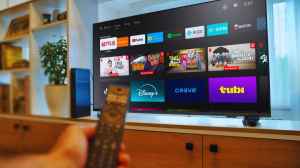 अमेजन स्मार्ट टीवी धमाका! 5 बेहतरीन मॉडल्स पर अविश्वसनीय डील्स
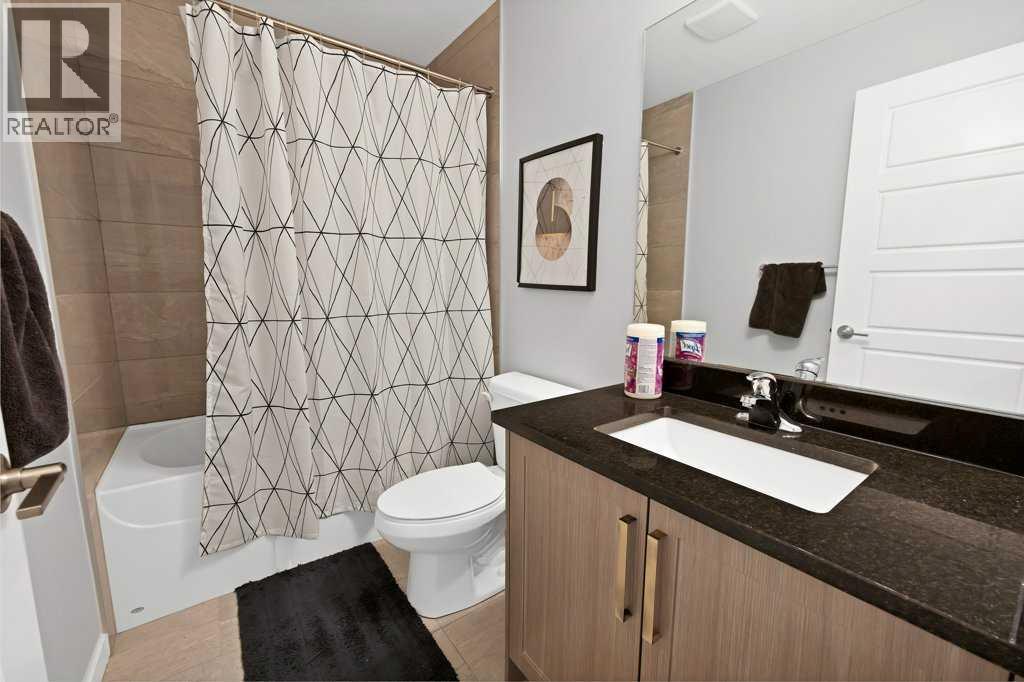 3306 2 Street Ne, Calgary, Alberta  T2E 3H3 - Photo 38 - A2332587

════════════════

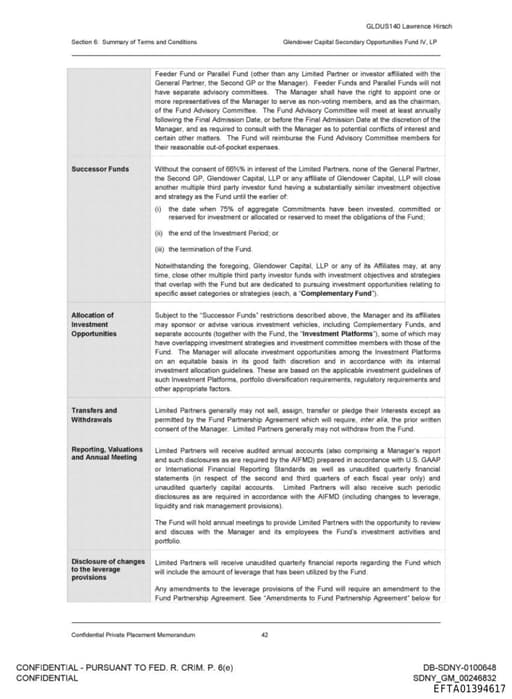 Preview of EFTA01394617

════════════════

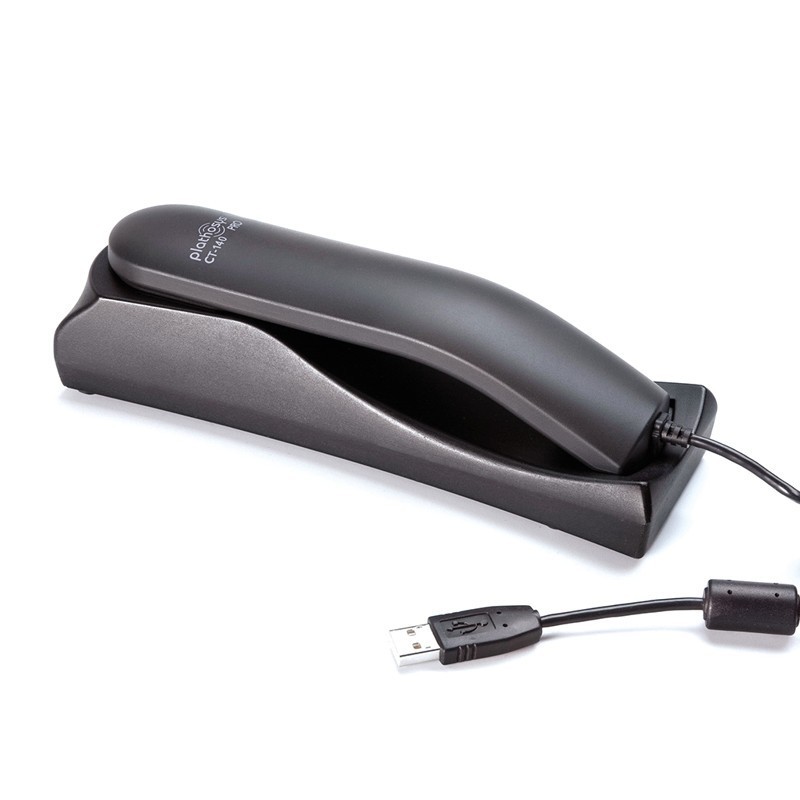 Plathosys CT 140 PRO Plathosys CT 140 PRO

════════════════

TASK: Everything from the line with "अमेजन स्मार्ट टीवी" down to the line with "3306 2 Street" in the data above should be copied exactly, with both end lines kept and the pictures left out.

TASK ANSWER:
 अमेजन स्मार्ट टीवी धमाका! 5 बेहतरीन मॉडल्स पर अविश्वसनीय डील्स
 3306 2 Street Ne, Calgary, Alberta  T2E 3H3 - Photo 38 - A2332587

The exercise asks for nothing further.